Furthermore, children are widely exposed to unhealthy foods both at home and in schools. The U-Report survey revealed that one in two adolescents chose fast foods, packaged snacks, chocolates, candies, or sugary drinks at school, mainly because these were the only options or cheaper.

One in three reported such foods were freely sold in school food-service facilities. About half noticed food brands and logos, with nearly three in five saying these influenced their choices. Almost half felt that unhealthy food brands and logos should not be advertised on school premises.

The report also finds that inadequate policies, programs, and legal measures limit children’s access to outdoor activities, healthy food choices, and care when nutritional risks are identified. “The National Nutrition Strategy and Action Plan (2021–2025) includes a target of no increase in the prevalence of childhood overweight and obesity by 2025. However, legislative provisions and policies to achieve this target have been either weak or missing,” the report notes.

The report notes that while food-based dietary guidelines exist, they do not fully support obesity prevention beyond the health system. There is no national food classification system or front-of-pack labelling.

The report adds that unhealthy foods are taxed under the Tax Act of Bhutan 2022, but the taxed items do not align with dietary guidelines, and there has been no public campaign explaining the benefits.

Additionally, advertising is regulated only on national television, leaving international channels and other media unregulated. Despite school nutrition initiatives, affirmative policies to ban junk food marketing in and around schools are lacking, as are legal measures for commercial milk formula and baby foods.

Physical activity guidelines exist but are not school-specific, and while children’s weight is measured, classification cut-offs do not use Asian standards. Additionally, targeted interventions for at-risk individuals are largely absent. Resource allocation focuses mainly on undernutrition rather than overweight and obesity, with challenges including reliance on food imports, limited local production, and complex legislation.

The report outlines priority actions across food, health, education, and social protection systems. In the food system, Bhutan should update dietary guidelines using the WHO-SEARO nutrient profile model, expand marketing regulations, ratify the International Code of Marketing of Breast-milk Substitutes, and reduce unhealthy food supply through import regulations.

In the health system, nutritional monitoring should continue, capturing overweight risk factors and providing care for at-risk individuals. In schools, legal measures should prohibit unhealthy food sales, support local food suppliers, mandate nutrition and physical education, and launch the ‘Eat Right Bhutan’ campaign. This campaign would grade schools on nutrition assessments, install sugar display boards, mandate physical activity, and establish Eat Right canteens.
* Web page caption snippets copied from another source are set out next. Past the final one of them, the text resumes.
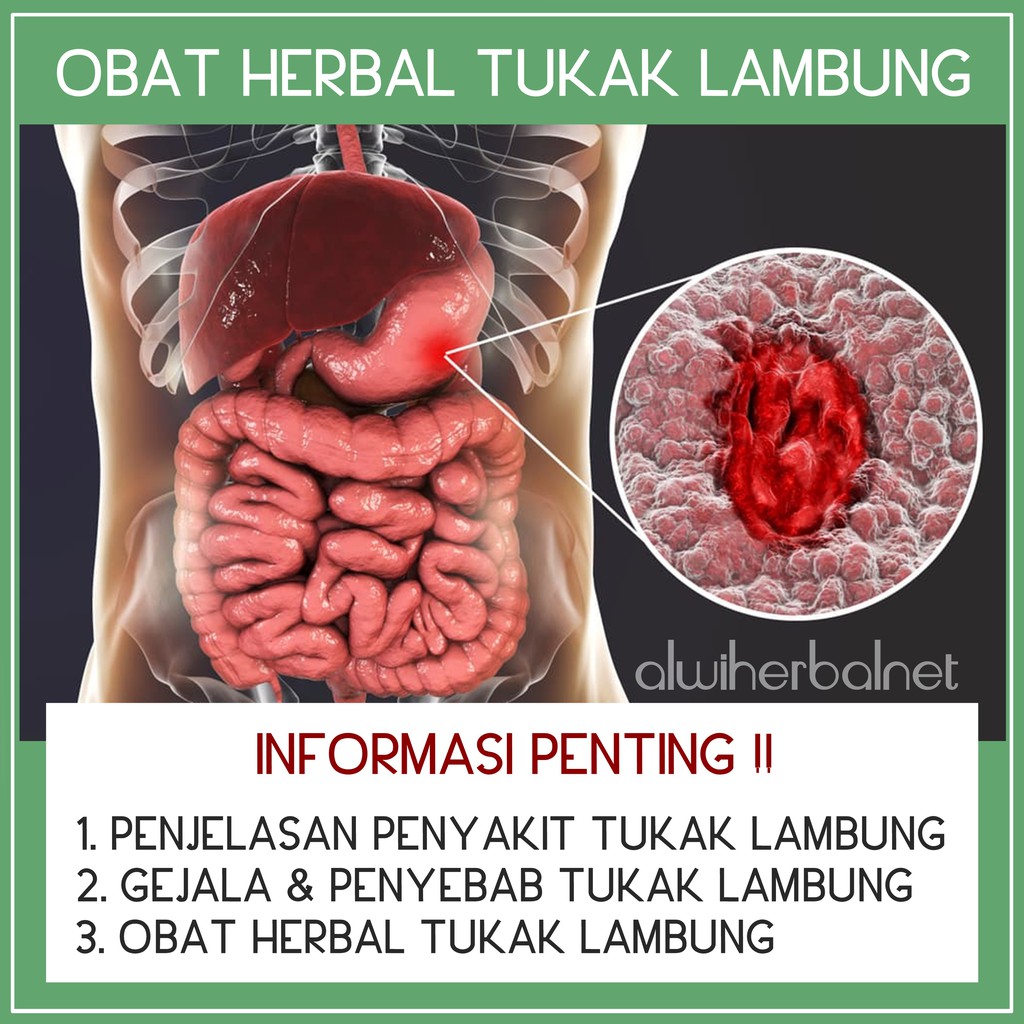 Detail Foto Lambung Luka Nomer 16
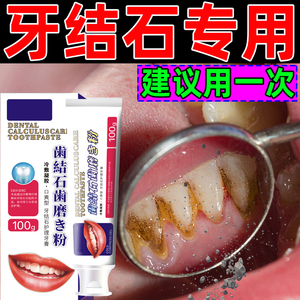 牙结石专用牙膏牙齿松动牙龈出血萎缩治红肿痛修护牙周炎去口臭vv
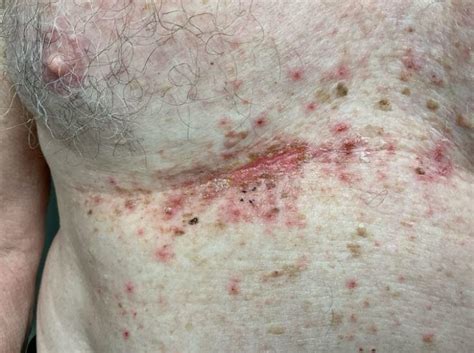 itchy rash  upper chest    red rash   years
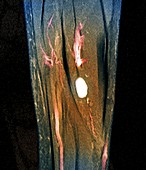 Schwannoma nerve sheath tumour,MRI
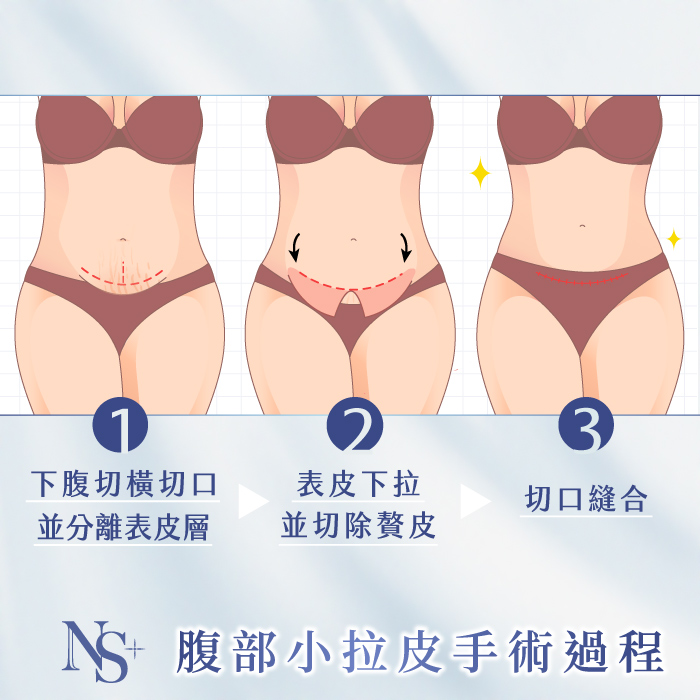 腹部拉皮手術｜腹部小拉皮_手術過程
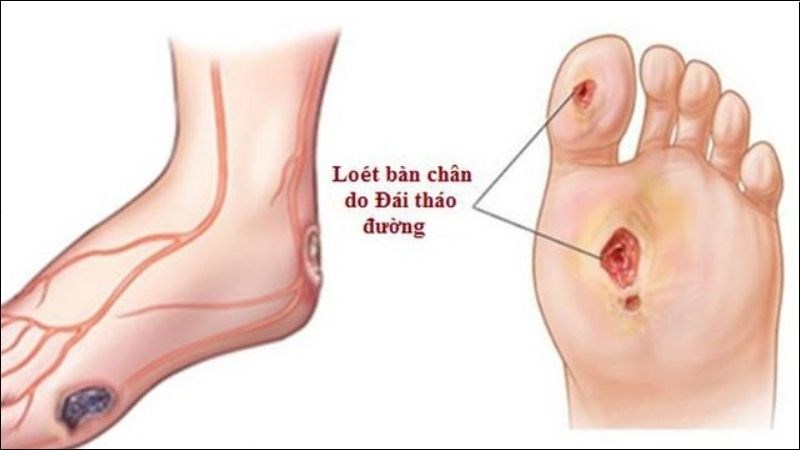 Cảnh Báo Biến Chứng Thần Kinh Ở Người Bệnh Tiểu Đường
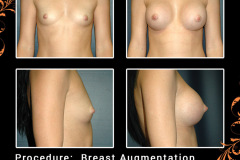BreastAug-3794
The report also recommends expanding rice fortification to monastic institutions and a wider range of foods, adding protein sources, reducing salt, sugar, and fat content, and increasing student stipends for nutritious meals.

This report aims to address Bhutan’s triple burden of malnutrition and  a coordinated action across all systems to safeguard children’s and women’s health and reverse rising trends in undernutrition, micronutrient deficiencies, and obesity.